Description of the task — For this exercise, the lines from the one with "Ruimtelijk en stijlvol" through the end of the material below must be output exactly, without pictures.

----------------------------------------

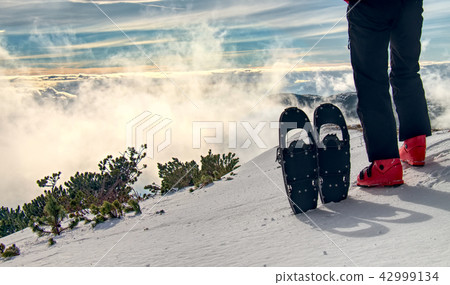Tall sportsman in warm clothes in snowshoes 42999134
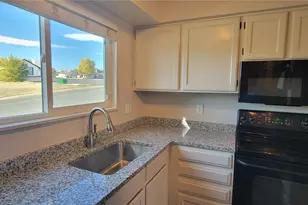 8770 Rainbow Ave, Denver, CO 80229 - Photo 6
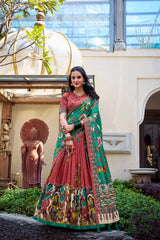 Stylish maroon Kalamkari printed saree with vibrant green border, cultural motifs, and graceful traditional design.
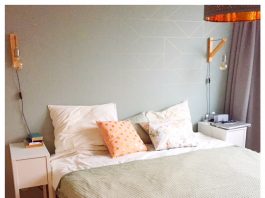 Ruimtelijk en stijlvol wonen in een klein huis slaapkamer opgemaakt bed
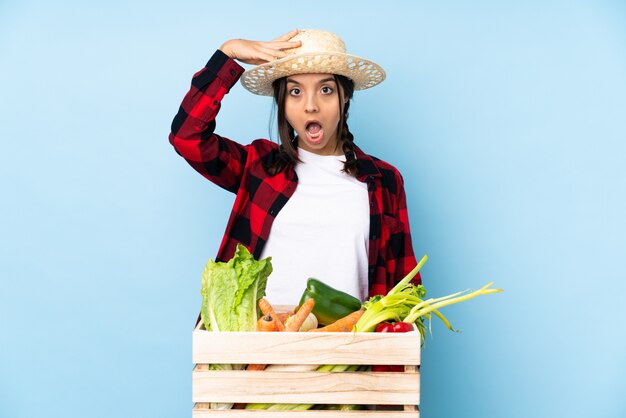 Joven agricultor Mujer con verduras frescas en una canasta de madera acaba de darse cuenta de algo y tiene la intención de encontrar la solución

----------------------------------------

Response to the task —
 Ruimtelijk en stijlvol wonen in een klein huis slaapkamer opgemaakt bed
 Joven agricultor Mujer con verduras frescas en una canasta de madera acaba de darse cuenta de algo y tiene la intención de encontrar la solución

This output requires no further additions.